There’s little doubt that Carl Frampton and Leo Santa Cruz are going to try to beat the hell out of one another when they square off next week in Las Vegas. There’s also little doubt that when it’s all over, the two champions will share a warm, genuine embrace.
At a time when you’re almost as likely to witness a brontosaurus strolling down the street as you are a civil conversation among two adults—see U.S. presidential election, 2016—Frampton and Santa Cruz are living proof that two adversaries can indeed get along and be respectful of one another.
Fight fans saw as much during the lead-up to the first Santa Cruz-Frampton clash last summer, when nary a negative word was slung in either fighter’s direction. Sure, they fought like bitter enemies in that memorable Fight of the Year-caliber war on July 30 in Brooklyn, New York, where Frampton handed Santa Cruz his first professional defeat and took his 126-pound world title in the process.
But as soon as the final bell sounded, the native of Belfast, Northern Ireland, and the Mexican-American from Los Angeles—two men whose backgrounds are as different as their fighting styles—acted like lifelong best friends.
As they gear up for their highly anticipated rematch on January 28 at the MGM Grand Garden Arena in Las Vegas (Showtime, 10 p.m. ET/7 p.m. PT), the admiration between Carl Frampton (23-0, 14 KOs) and Leo Santa Cruz (32-1-1, 18 KOs) seems to only have strengthened.
“You know, I respect anyone I fight, and I’m always going to do that,” Frampton says. “But Leo and I, we’ve definitely shown a lot of respect for each other. He’s a nice guy, and I think I’m a pretty nice guy.
“When you look at what we do, there’s no bullshit, no machoism. When we get in the ring, we fight and give it everything we’ve got to do what it takes to win. But I’m sure we’ll shake hands at the end of the fight again.”
“ Leo and I, we’ve definitely shown a lot of respect for each other. ... But if I see that Leo is hurt, I’m going to try and finish him. And I would expect exactly the same back. ” Carl Frampton, 126-pound world champion
Says Santa Cruz: “Frampton is a great guy. He’s a family guy like me. He has two kids who are the same age as mine—a daughter who is 4 and a son who is 2. So I kind of see myself in him. He’s a great fighter with great skills. I just respect that.”
Frampton says he and Santa Cruz first met in July 2015 in El Paso, Texas, where “The Jackal” rose from a pair of first-round knockdowns and defeated the late Alejandro Gonzalez Jr. to successfully defend his 122-pound world title in his North American debut.
Santa Cruz—who was six weeks away from becoming a three-division world champion with a victory over Abner Mares in a bout for a vacant 126-pound title—attended the bout as a fan, and the two quickly bonded.
A little more than a year later, the new friends were wailing away at one another for 12 action-packed rounds, with Frampton coming away with a majority decision.
While the violent way in which the two friends went after one another last summer may seem a bit contradictory, Frampton is quick to remind that business is business.
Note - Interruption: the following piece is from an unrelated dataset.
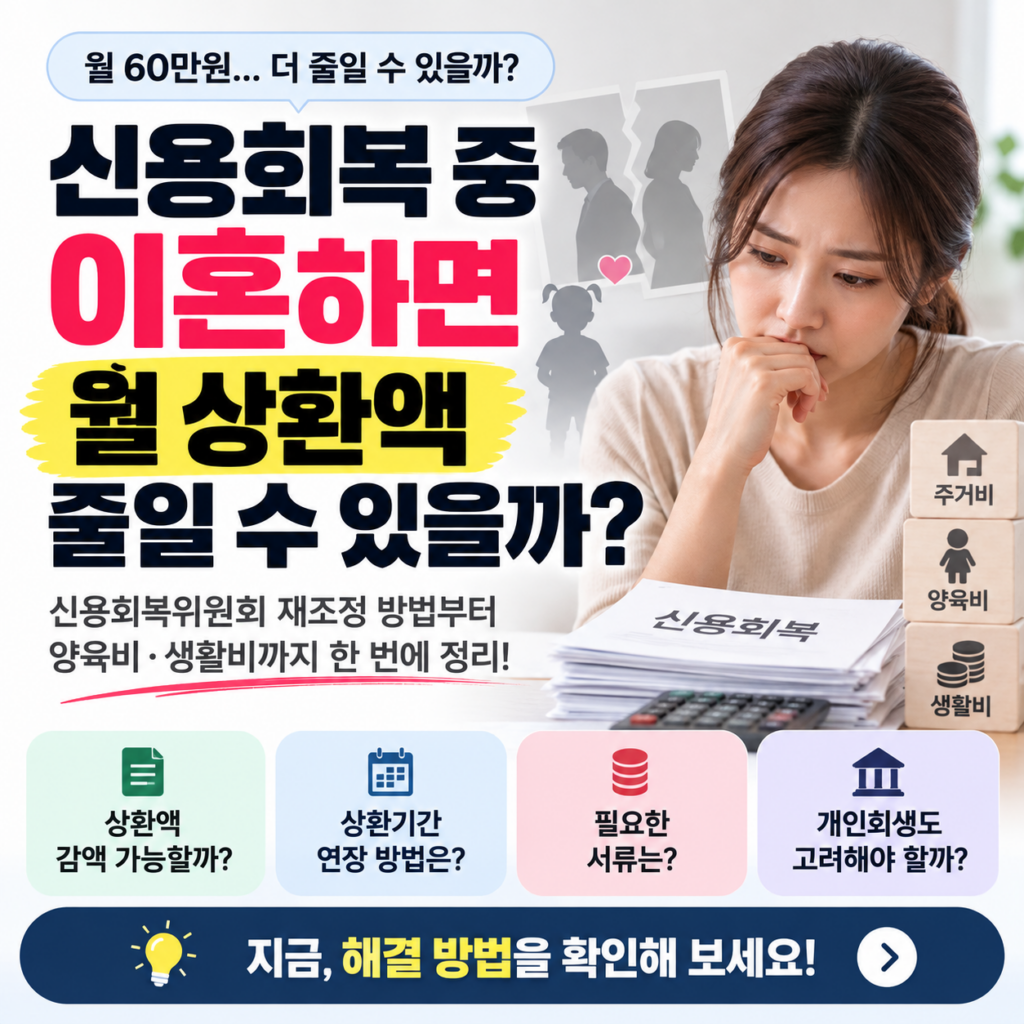 신용회복 중 이혼 월 상환액 줄이는 방법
The 29-year-old Northern Irishman says whether he’s fighting an opponent he likes or loathes, his approach and mindset never change.
“If I fought my best friend, I’d try to knock him out, and that’s the truth. That’s the name of the game,” he says. “For instance, if I see that Leo is hurt [in the rematch], I’m going to try and finish him. And I would expect exactly the same back.”
Both fighters stressed that whenever they set foot in the ring, they’re fighting more for their families than themselves. Because of that, Santa Cruz acknowledges it can be difficult to face an opponent he admires, knowing that while a victory can go a long way toward solidfying his family's future, it could have the opposite effect on his foe.
“It’s really hard,” says Santa Cruz, 28. “You know he’s doing the same thing you are: fighting for his family. And knowing if you beat him, you’re going to kind of be taking something away from them. But then I sit back and say, ‘If it’s not him, it’s me.’”
So come January 28, expect Frampton and Santa Cruz to attack each other with the same ferocity as the first time around. Just don’t be surprised later that night if you happen to run into them sharing a post-fight beverage at the hotel bar.
“There’s no hard feelings,” Santa Cruz says. “If he’s the better fighter, if he wins, I’ll respect that, and I’ll be glad to drink a beer or do a shot of tequila with him. And if I beat him, the same thing.”
Says Frampton: “If Leo wants to have a drink and sit there and shake hands after the fight, I’m more than happy to do it.”